#### Task data
——————————
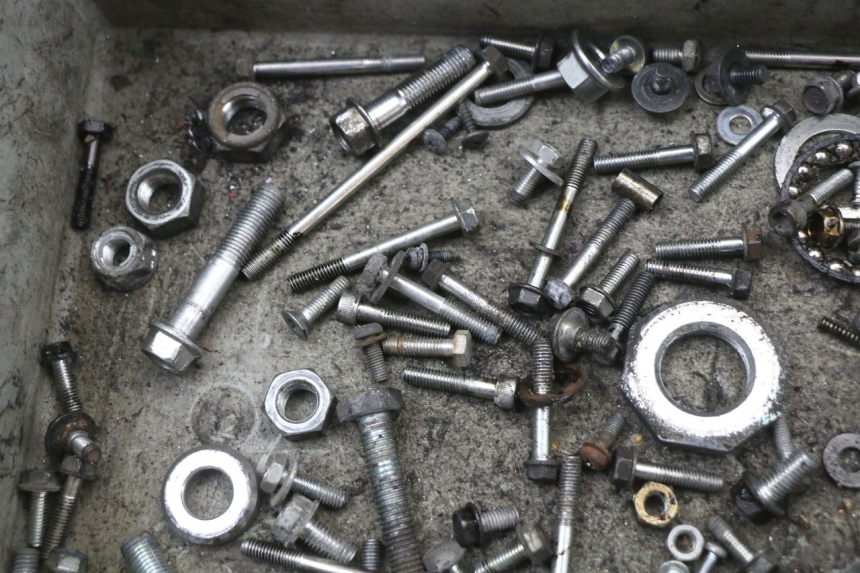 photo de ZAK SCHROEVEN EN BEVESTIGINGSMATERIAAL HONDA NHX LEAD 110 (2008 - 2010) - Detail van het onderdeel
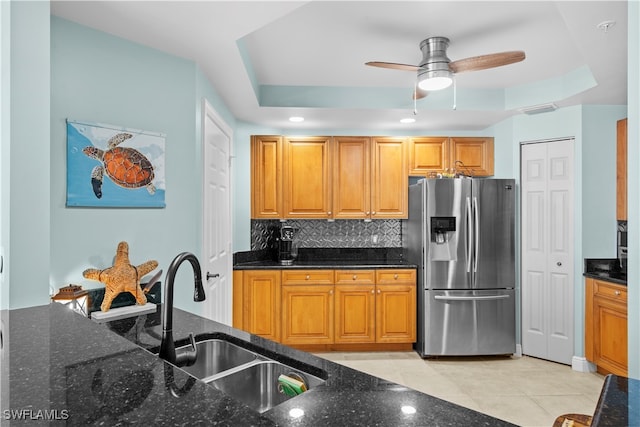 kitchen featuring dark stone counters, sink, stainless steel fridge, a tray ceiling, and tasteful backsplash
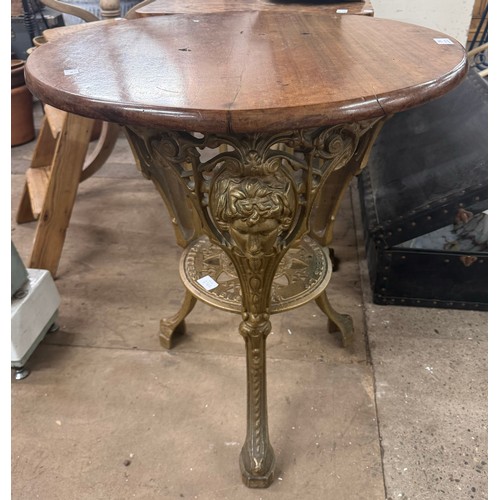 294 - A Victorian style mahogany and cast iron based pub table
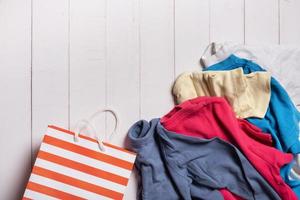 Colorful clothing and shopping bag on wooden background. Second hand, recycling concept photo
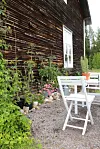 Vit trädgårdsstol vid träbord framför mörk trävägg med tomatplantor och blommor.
——————————
#### Exercise details
Nothing should appear in the answer except the lines from the first line of the data through the line holding "kitchen featuring dark", exactly as written, with pictures left out.

#### Final answer
 photo de ZAK SCHROEVEN EN BEVESTIGINGSMATERIAAL HONDA NHX LEAD 110 (2008 - 2010) - Detail van het onderdeel
 kitchen featuring dark stone counters, sink, stainless steel fridge, a tray ceiling, and tasteful backsplash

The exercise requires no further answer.